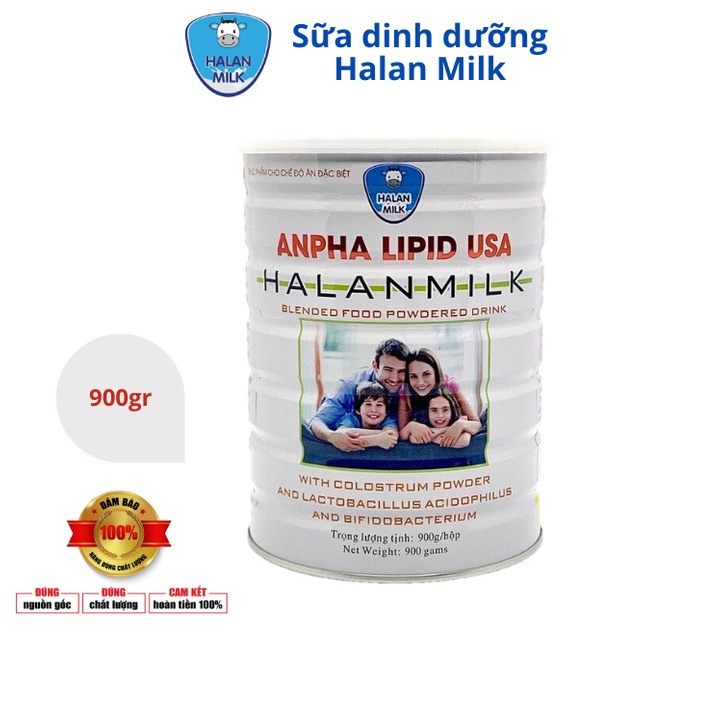 Sữa tăng cường sức đề kháng Anpha Lipid Usa HALAN MILK 400gr/900gr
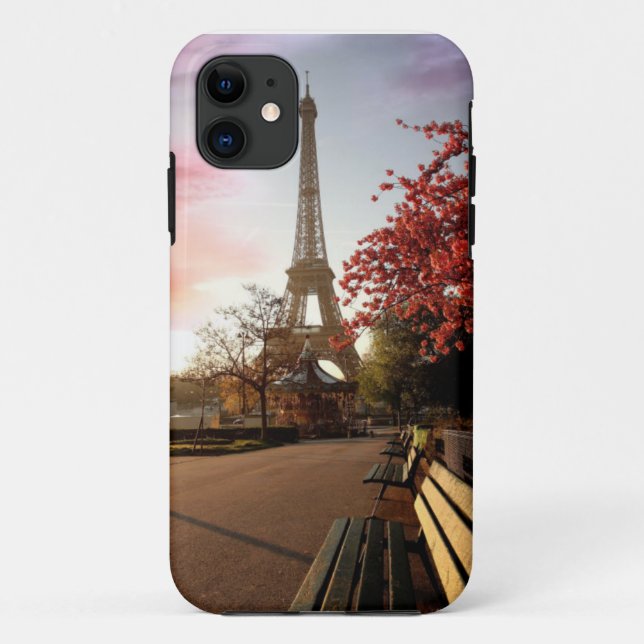 Eiffel Case-Mate iPhone Case (Back)
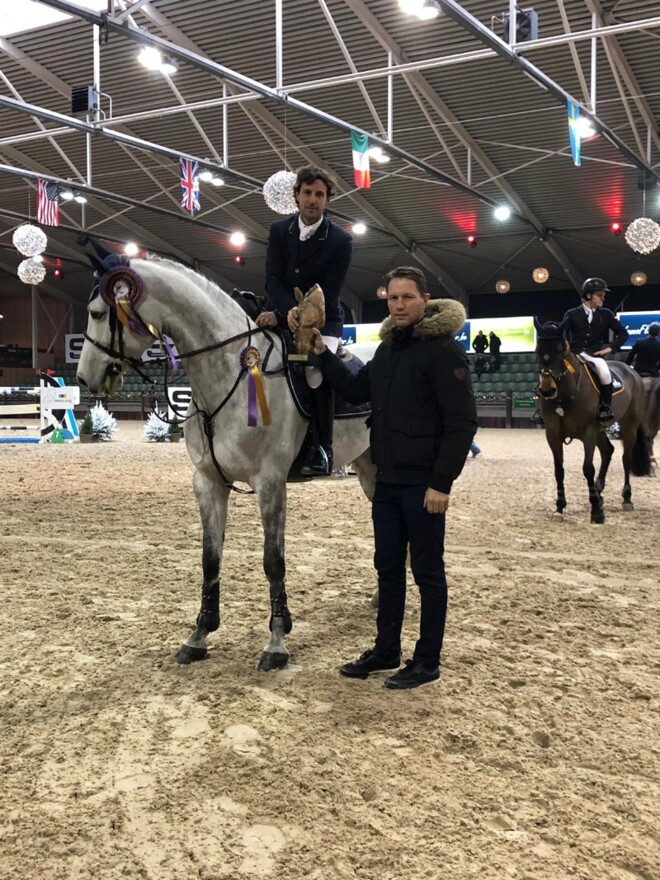 CSIYH1* Lier: Damien Haelterman wordt 3de!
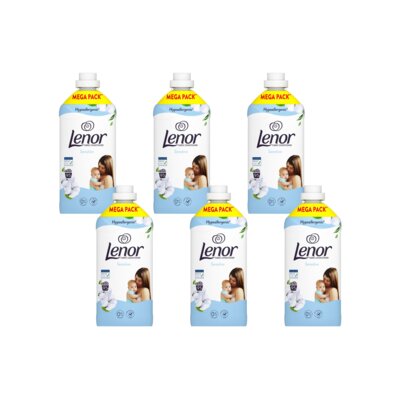 Płyn do płukania LENOR Sensitive 6 x 1995 ml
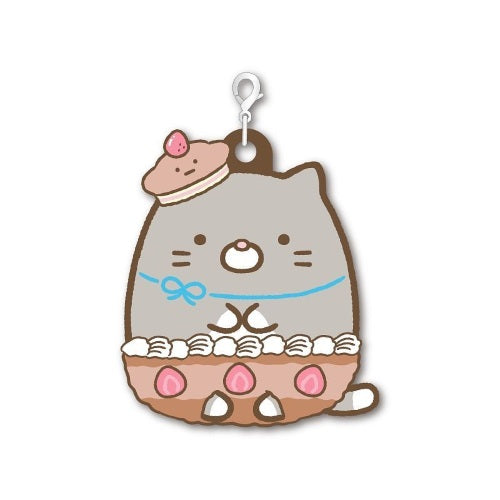 San-X Sumikko Gurashi Candy Store Rubber Charm Xebec 1.75-Inch Key Chain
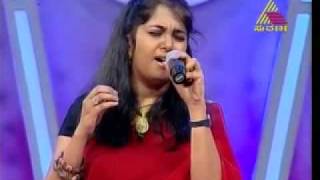 Samanvitha Star Singer Bhavageethe Nee sigade [upl. by Arlon]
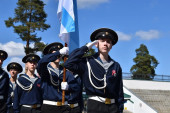 Городской Смотр строя и песни «На знамя Победы равняем шаг!»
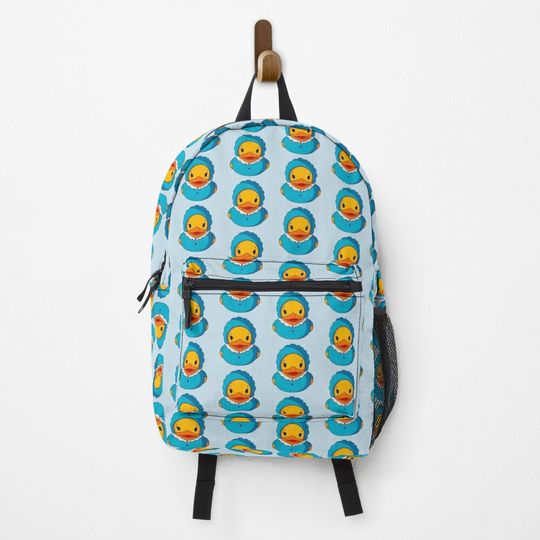 Discover Easter Best Rubber Duck Backpack, Cute Backpack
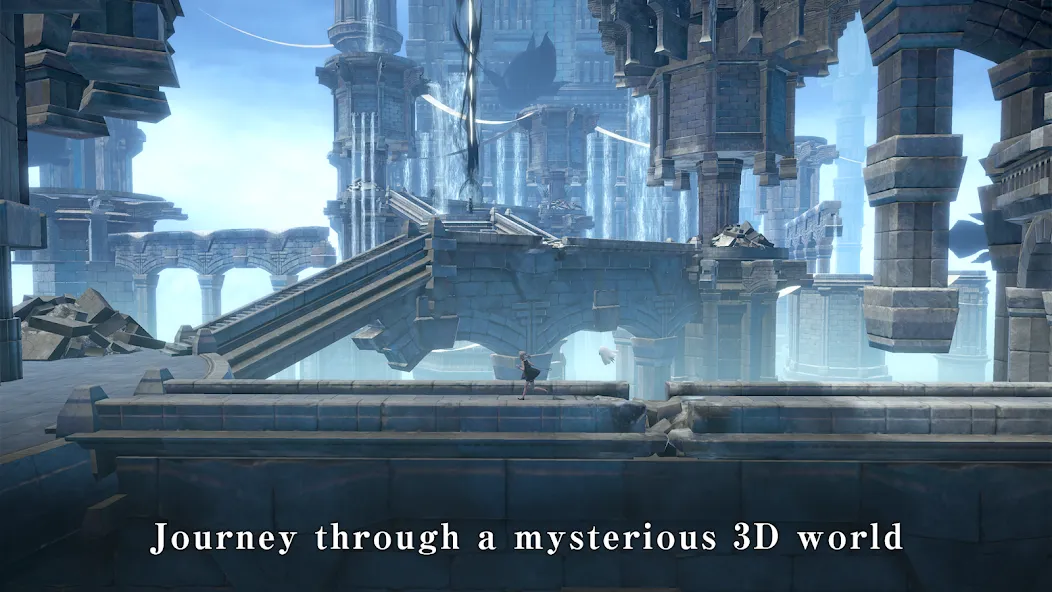 NieR Re[in]carnation [МОД: Меню, Бесконечные монеты и Открытые уровни] Screenshot 2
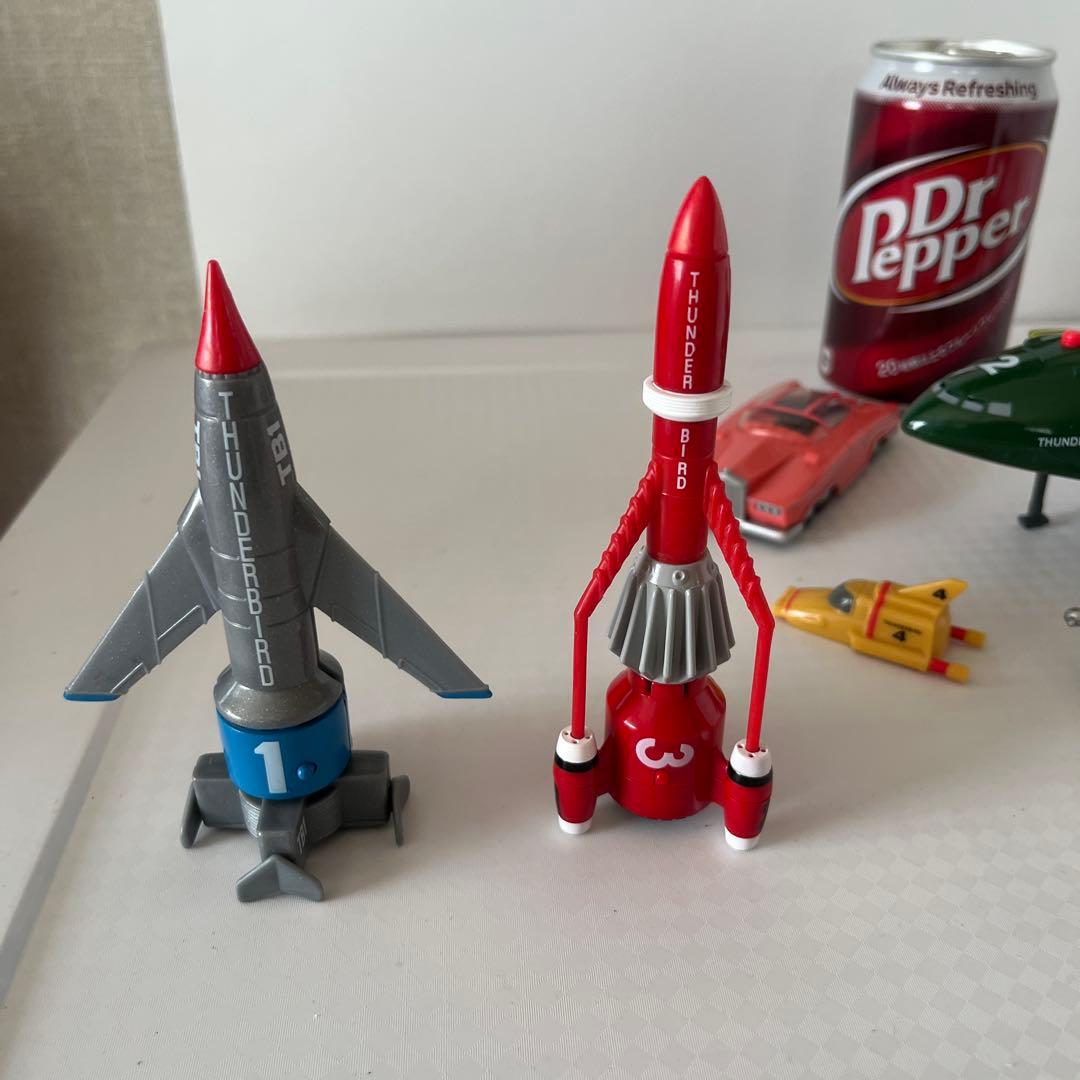 サンダーバード サウンドテックビークル スパーセット 1999年 - メルカリ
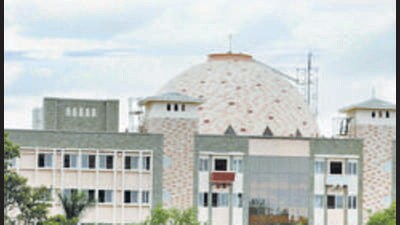 The administration is holding series of meetings with officials of various departments to submit the annual document. (HT PHOTO)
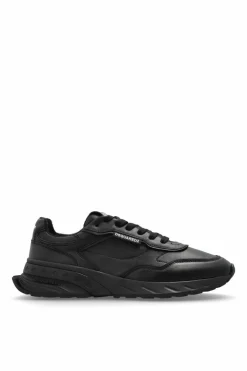 Dsquared2 BLACK "Sprinter" sports shoes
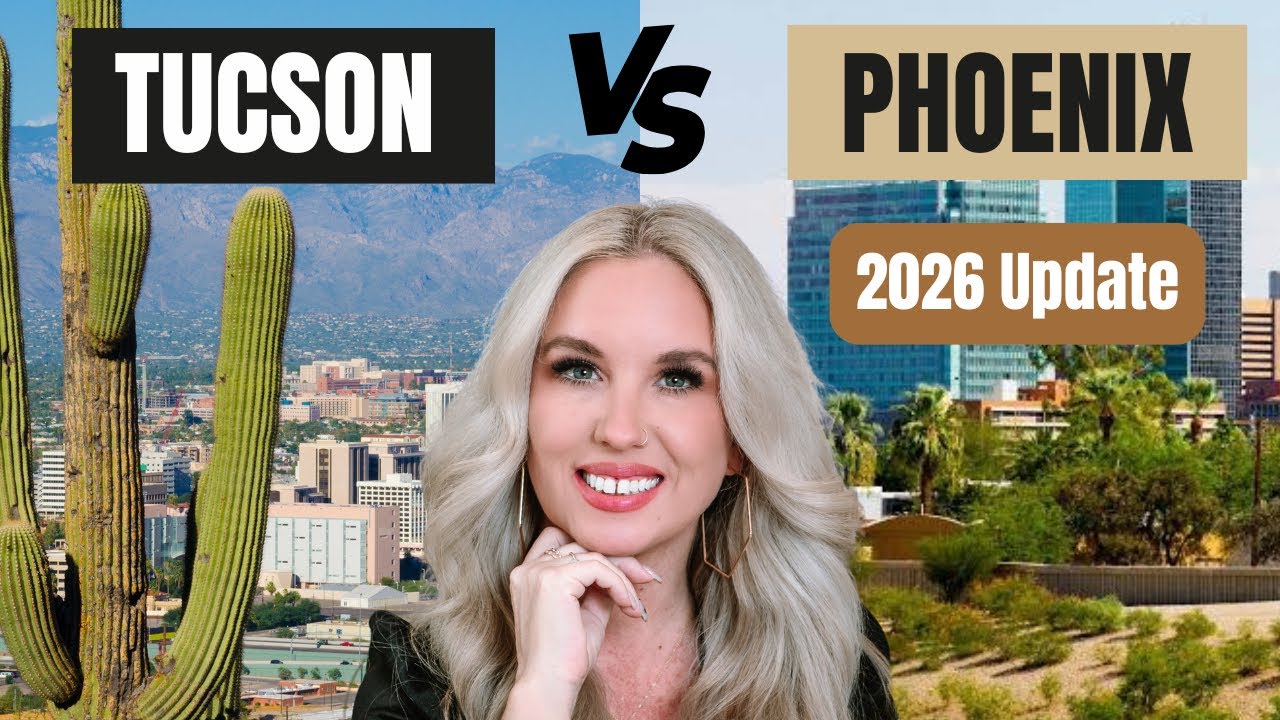 Before You Move to Arizona | Tucson vs Phoenix Cost, Lifestyle & Pace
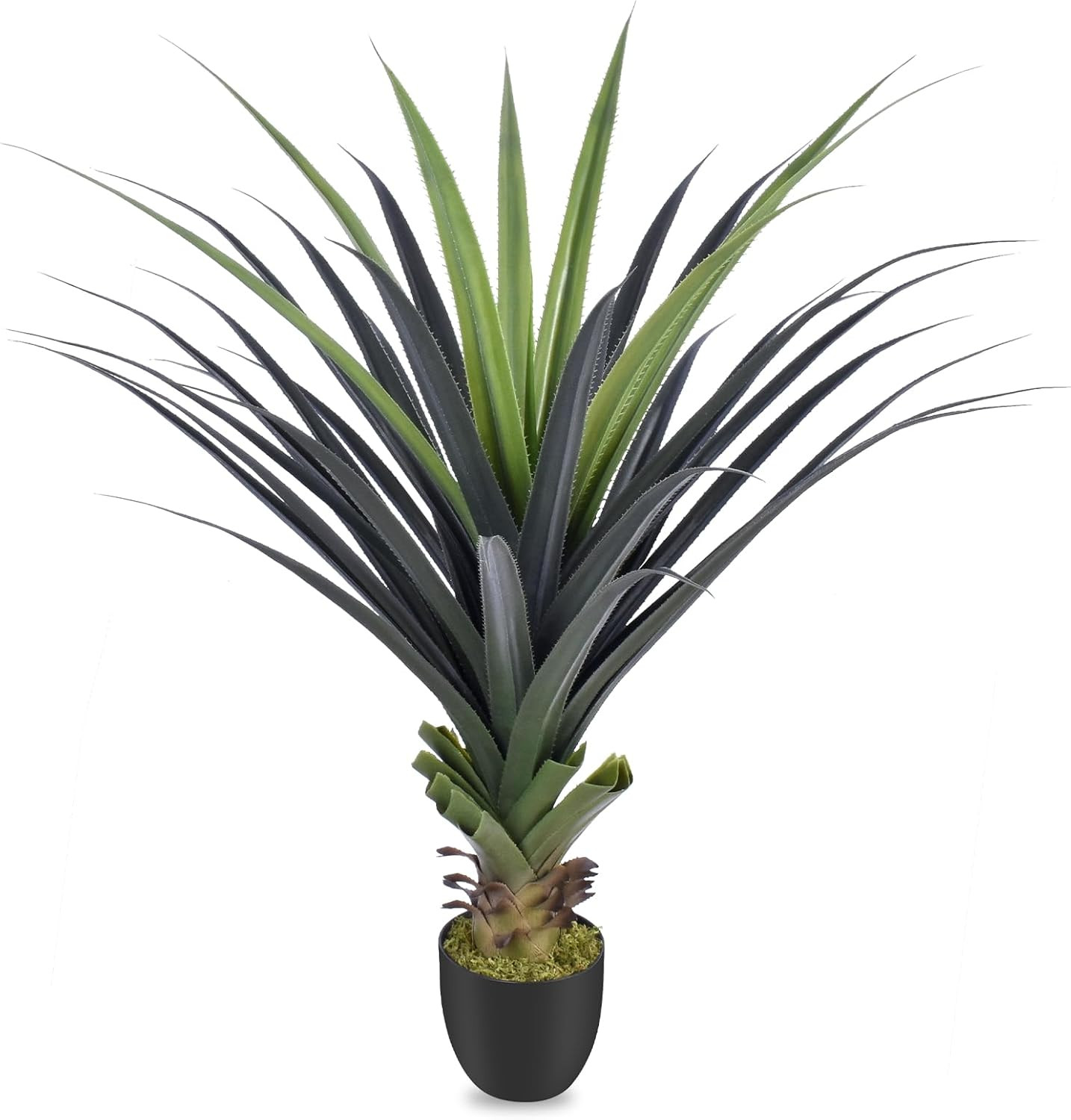 4Ft Faux Spiked Agave Plant – Perfect Indoor/Outdoor Decor for Home & Office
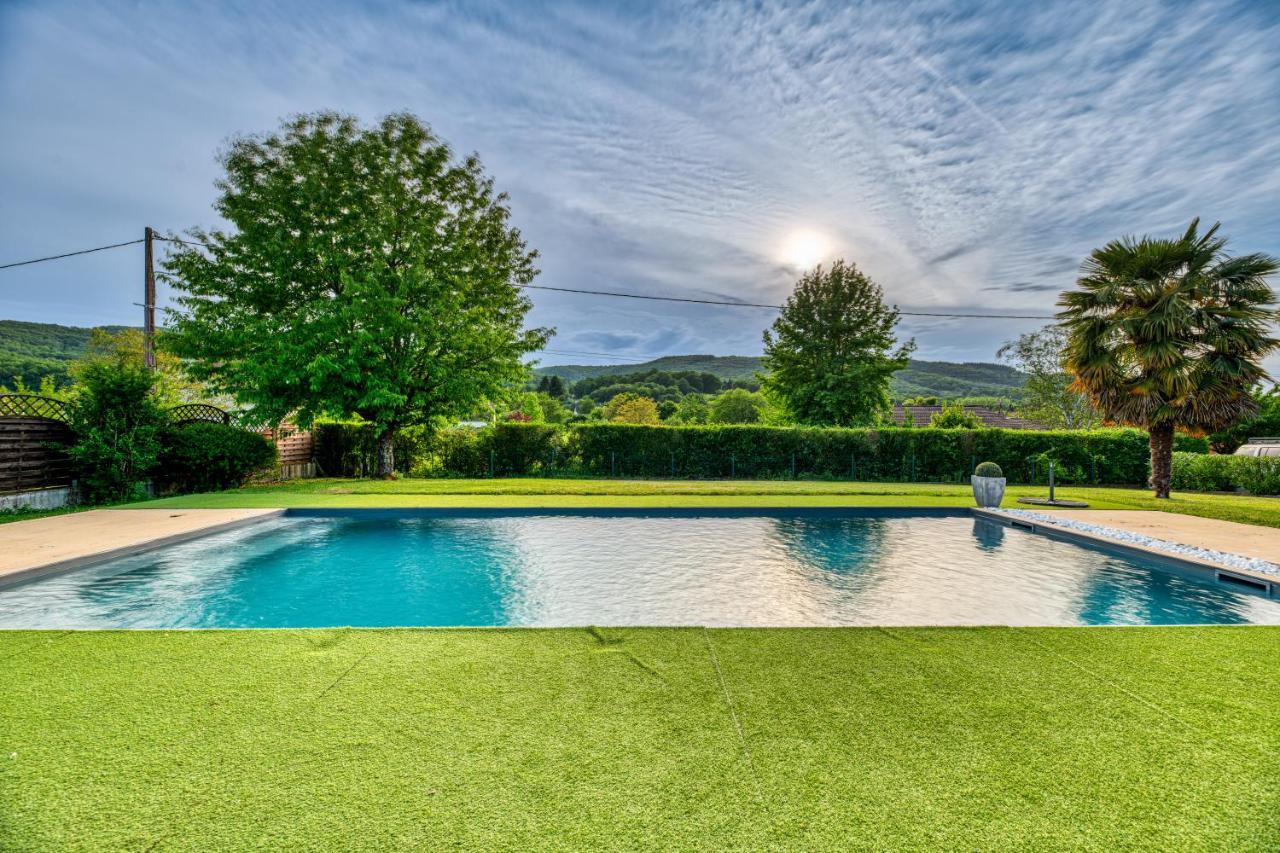 Villa 'La Crabichonnière' Lanzac Esterno foto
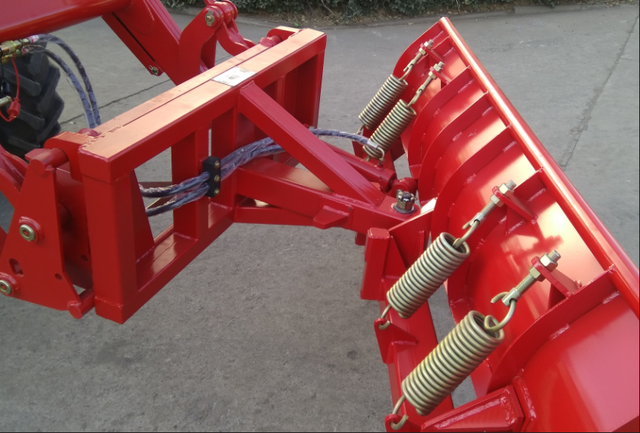 Heavy Duty 7FT Tractor Snow Blade - Photo 2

───

Work instructions: Reproduce the listing above exactly from the line containing "Eiffel Case-Mate iPhone Case (Back)" up to and including the line containing "Samanvitha Star Singer", omitting any images and everything outside those lines.

Result of the exercise:
 Eiffel Case-Mate iPhone Case (Back)
 CSIYH1* Lier: Damien Haelterman wordt 3de!
 Płyn do płukania LENOR Sensitive 6 x 1995 ml
 San-X Sumikko Gurashi Candy Store Rubber Charm Xebec 1.75-Inch Key Chain
 Samanvitha Star Singer Bhavageethe Nee sigade [upl. by Arlon]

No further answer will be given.